START Source material

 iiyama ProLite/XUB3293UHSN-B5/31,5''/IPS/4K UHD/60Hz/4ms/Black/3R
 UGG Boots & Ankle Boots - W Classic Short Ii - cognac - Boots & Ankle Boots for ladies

END Source material
START Source material

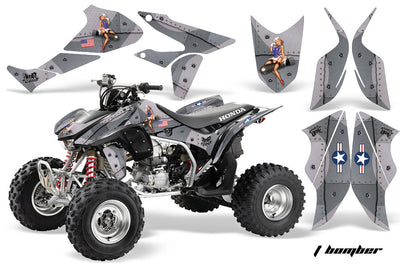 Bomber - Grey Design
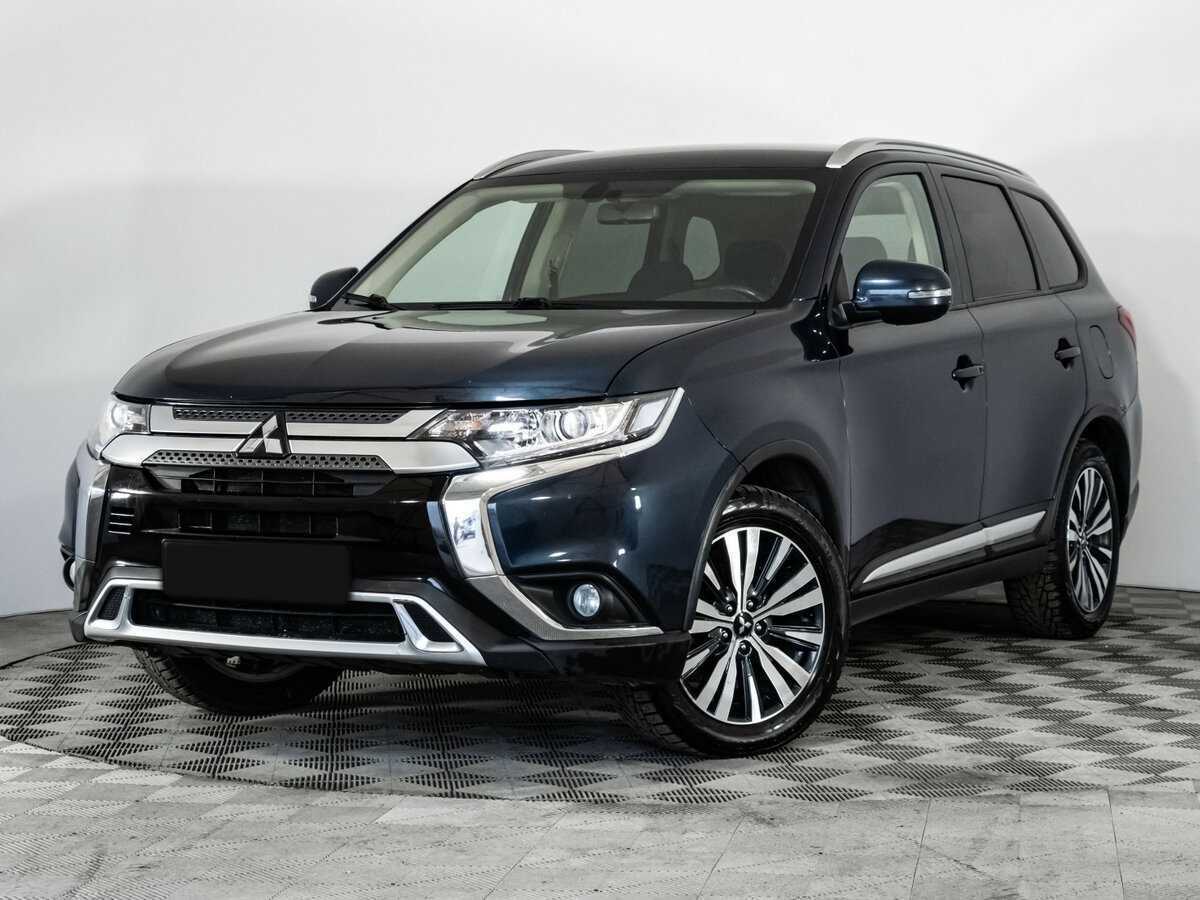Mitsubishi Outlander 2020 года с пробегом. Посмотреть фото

END Source material

● **The task**
Without the pictures, give again exactly the lines above starting at the line containing "Bomber - Grey Design" and ending at the line containing "Mitsubishi Outlander 2020".

● **Exercise solution**
 Bomber - Grey Design
Mitsubishi Outlander 2020 года с пробегом. Посмотреть фото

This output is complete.